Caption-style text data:
━━━━━━━━━━━━━━━━━━━━

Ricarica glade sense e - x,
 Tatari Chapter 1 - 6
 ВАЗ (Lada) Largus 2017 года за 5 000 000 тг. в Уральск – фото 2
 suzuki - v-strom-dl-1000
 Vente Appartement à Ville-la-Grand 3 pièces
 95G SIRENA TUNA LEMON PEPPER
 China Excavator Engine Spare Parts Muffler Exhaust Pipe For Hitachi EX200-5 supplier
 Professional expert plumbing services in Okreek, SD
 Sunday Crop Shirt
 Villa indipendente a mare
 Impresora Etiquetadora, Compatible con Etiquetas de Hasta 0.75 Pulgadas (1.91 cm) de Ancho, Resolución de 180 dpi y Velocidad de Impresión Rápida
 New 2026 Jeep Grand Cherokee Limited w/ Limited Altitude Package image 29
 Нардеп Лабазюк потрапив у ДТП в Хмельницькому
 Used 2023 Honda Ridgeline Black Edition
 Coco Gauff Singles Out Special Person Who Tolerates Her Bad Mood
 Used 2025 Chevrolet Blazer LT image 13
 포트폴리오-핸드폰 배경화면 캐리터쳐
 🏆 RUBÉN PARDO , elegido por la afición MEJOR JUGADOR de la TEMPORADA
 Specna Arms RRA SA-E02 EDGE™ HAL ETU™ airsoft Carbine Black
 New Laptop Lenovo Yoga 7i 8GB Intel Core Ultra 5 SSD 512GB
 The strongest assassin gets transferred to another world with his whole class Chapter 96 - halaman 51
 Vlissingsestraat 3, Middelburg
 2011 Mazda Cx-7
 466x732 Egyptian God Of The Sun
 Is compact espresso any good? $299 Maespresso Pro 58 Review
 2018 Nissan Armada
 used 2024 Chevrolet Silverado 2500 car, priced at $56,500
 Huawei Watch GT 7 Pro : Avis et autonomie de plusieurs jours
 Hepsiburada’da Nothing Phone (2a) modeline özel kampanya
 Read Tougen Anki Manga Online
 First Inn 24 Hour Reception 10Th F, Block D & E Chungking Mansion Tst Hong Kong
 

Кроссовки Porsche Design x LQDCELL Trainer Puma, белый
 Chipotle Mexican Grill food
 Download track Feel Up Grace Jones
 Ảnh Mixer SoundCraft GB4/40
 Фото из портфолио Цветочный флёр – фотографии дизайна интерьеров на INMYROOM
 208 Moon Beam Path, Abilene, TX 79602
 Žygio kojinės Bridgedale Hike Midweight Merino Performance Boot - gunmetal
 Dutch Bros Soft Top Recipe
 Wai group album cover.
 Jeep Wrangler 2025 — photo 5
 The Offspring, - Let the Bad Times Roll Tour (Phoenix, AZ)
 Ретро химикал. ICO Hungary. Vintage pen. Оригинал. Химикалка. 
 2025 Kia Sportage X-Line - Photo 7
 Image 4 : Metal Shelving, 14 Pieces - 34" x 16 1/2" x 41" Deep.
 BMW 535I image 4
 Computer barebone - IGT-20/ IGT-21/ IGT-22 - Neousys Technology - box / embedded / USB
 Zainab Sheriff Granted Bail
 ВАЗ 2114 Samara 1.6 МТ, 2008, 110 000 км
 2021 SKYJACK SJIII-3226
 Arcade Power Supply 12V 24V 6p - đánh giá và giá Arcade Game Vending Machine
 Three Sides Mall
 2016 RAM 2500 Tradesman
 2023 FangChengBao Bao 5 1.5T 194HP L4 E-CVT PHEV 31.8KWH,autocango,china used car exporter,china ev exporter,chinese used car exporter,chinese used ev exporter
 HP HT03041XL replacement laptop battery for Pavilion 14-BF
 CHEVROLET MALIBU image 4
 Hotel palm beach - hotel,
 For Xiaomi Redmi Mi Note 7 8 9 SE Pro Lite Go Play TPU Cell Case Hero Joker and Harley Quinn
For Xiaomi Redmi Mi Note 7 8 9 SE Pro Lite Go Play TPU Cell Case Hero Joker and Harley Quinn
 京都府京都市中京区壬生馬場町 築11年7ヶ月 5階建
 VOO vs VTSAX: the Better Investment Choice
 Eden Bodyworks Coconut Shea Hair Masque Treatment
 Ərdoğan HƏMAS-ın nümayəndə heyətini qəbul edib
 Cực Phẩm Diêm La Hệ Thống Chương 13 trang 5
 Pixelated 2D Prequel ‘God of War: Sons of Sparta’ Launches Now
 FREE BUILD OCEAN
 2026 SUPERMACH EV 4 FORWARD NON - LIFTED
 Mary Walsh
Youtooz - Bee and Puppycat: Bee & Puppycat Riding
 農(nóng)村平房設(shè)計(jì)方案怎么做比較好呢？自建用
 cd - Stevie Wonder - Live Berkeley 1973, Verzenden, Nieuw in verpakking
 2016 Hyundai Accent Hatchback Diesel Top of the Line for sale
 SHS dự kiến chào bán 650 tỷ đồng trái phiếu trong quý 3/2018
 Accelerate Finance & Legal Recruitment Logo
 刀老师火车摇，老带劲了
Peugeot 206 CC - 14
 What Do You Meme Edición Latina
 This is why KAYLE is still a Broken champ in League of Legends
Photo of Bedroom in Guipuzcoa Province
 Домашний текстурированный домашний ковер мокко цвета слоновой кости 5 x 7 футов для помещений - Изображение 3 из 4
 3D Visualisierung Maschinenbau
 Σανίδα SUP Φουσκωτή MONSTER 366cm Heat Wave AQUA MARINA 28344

━━━━━━━━━━━━━━━━━━━━

Extract the data in full. Keep it word for word.

Ricarica glade sense e - x,
 Tatari Chapter 1 - 6
 ВАЗ (Lada) Largus 2017 года за 5 000 000 тг. в Уральск – фото 2
 suzuki - v-strom-dl-1000
 Vente Appartement à Ville-la-Grand 3 pièces
 95G SIRENA TUNA LEMON PEPPER
 China Excavator Engine Spare Parts Muffler Exhaust Pipe For Hitachi EX200-5 supplier
 Professional expert plumbing services in Okreek, SD
 Sunday Crop Shirt
 Villa indipendente a mare
 Impresora Etiquetadora, Compatible con Etiquetas de Hasta 0.75 Pulgadas (1.91 cm) de Ancho, Resolución de 180 dpi y Velocidad de Impresión Rápida
 New 2026 Jeep Grand Cherokee Limited w/ Limited Altitude Package image 29
 Нардеп Лабазюк потрапив у ДТП в Хмельницькому
 Used 2023 Honda Ridgeline Black Edition
 Coco Gauff Singles Out Special Person Who Tolerates Her Bad Mood
 Used 2025 Chevrolet Blazer LT image 13
 포트폴리오-핸드폰 배경화면 캐리터쳐
 🏆 RUBÉN PARDO , elegido por la afición MEJOR JUGADOR de la TEMPORADA
 Specna Arms RRA SA-E02 EDGE™ HAL ETU™ airsoft Carbine Black
 New Laptop Lenovo Yoga 7i 8GB Intel Core Ultra 5 SSD 512GB
 The strongest assassin gets transferred to another world with his whole class Chapter 96 - halaman 51
 Vlissingsestraat 3, Middelburg
 2011 Mazda Cx-7
 466x732 Egyptian God Of The Sun
 Is compact espresso any good? $299 Maespresso Pro 58 Review
 2018 Nissan Armada
 used 2024 Chevrolet Silverado 2500 car, priced at $56,500
 Huawei Watch GT 7 Pro : Avis et autonomie de plusieurs jours
 Hepsiburada’da Nothing Phone (2a) modeline özel kampanya
 Read Tougen Anki Manga Online
 First Inn 24 Hour Reception 10Th F, Block D & E Chungking Mansion Tst Hong Kong
 

Кроссовки Porsche Design x LQDCELL Trainer Puma, белый
 Chipotle Mexican Grill food
 Download track Feel Up Grace Jones
 Ảnh Mixer SoundCraft GB4/40
 Фото из портфолио Цветочный флёр – фотографии дизайна интерьеров на INMYROOM
 208 Moon Beam Path, Abilene, TX 79602
 Žygio kojinės Bridgedale Hike Midweight Merino Performance Boot - gunmetal
 Dutch Bros Soft Top Recipe
 Wai group album cover.
 Jeep Wrangler 2025 — photo 5
 The Offspring, - Let the Bad Times Roll Tour (Phoenix, AZ)
 Ретро химикал. ICO Hungary. Vintage pen. Оригинал. Химикалка. 
 2025 Kia Sportage X-Line - Photo 7
 Image 4 : Metal Shelving, 14 Pieces - 34" x 16 1/2" x 41" Deep.
 BMW 535I image 4
 Computer barebone - IGT-20/ IGT-21/ IGT-22 - Neousys Technology - box / embedded / USB
 Zainab Sheriff Granted Bail
 ВАЗ 2114 Samara 1.6 МТ, 2008, 110 000 км
 2021 SKYJACK SJIII-3226
 Arcade Power Supply 12V 24V 6p - đánh giá và giá Arcade Game Vending Machine
 Three Sides Mall
 2016 RAM 2500 Tradesman
 2023 FangChengBao Bao 5 1.5T 194HP L4 E-CVT PHEV 31.8KWH,autocango,china used car exporter,china ev exporter,chinese used car exporter,chinese used ev exporter
 HP HT03041XL replacement laptop battery for Pavilion 14-BF
 CHEVROLET MALIBU image 4
 Hotel palm beach - hotel,
 For Xiaomi Redmi Mi Note 7 8 9 SE Pro Lite Go Play TPU Cell Case Hero Joker and Harley Quinn
For Xiaomi Redmi Mi Note 7 8 9 SE Pro Lite Go Play TPU Cell Case Hero Joker and Harley Quinn
 京都府京都市中京区壬生馬場町 築11年7ヶ月 5階建
 VOO vs VTSAX: the Better Investment Choice
 Eden Bodyworks Coconut Shea Hair Masque Treatment
 Ərdoğan HƏMAS-ın nümayəndə heyətini qəbul edib
 Cực Phẩm Diêm La Hệ Thống Chương 13 trang 5
 Pixelated 2D Prequel ‘God of War: Sons of Sparta’ Launches Now
 FREE BUILD OCEAN
 2026 SUPERMACH EV 4 FORWARD NON - LIFTED
 Mary Walsh
Youtooz - Bee and Puppycat: Bee & Puppycat Riding
 農(nóng)村平房設(shè)計(jì)方案怎么做比較好呢？自建用
 cd - Stevie Wonder - Live Berkeley 1973, Verzenden, Nieuw in verpakking
 2016 Hyundai Accent Hatchback Diesel Top of the Line for sale
 SHS dự kiến chào bán 650 tỷ đồng trái phiếu trong quý 3/2018
 Accelerate Finance & Legal Recruitment Logo
 刀老师火车摇，老带劲了
Peugeot 206 CC - 14
 What Do You Meme Edición Latina
 This is why KAYLE is still a Broken champ in League of Legends
Photo of Bedroom in Guipuzcoa Province
 Домашний текстурированный домашний ковер мокко цвета слоновой кости 5 x 7 футов для помещений - Изображение 3 из 4
 3D Visualisierung Maschinenbau
 Σανίδα SUP Φουσκωτή MONSTER 366cm Heat Wave AQUA MARINA 28344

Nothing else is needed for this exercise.